Start of Information provided

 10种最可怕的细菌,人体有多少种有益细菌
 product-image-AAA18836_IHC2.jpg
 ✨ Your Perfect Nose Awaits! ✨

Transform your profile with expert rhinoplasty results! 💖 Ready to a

End of Information provided

**Task description**. Each line from the one containing "product-image-AAA18836_IHC2.jpg" down to the last line of the material above is to be transcribed exactly, with nothing else included.

**Result of this exercise**.
 product-image-AAA18836_IHC2.jpg
 ✨ Your Perfect Nose Awaits! ✨

Transform your profile with expert rhinoplasty results! 💖 Ready to a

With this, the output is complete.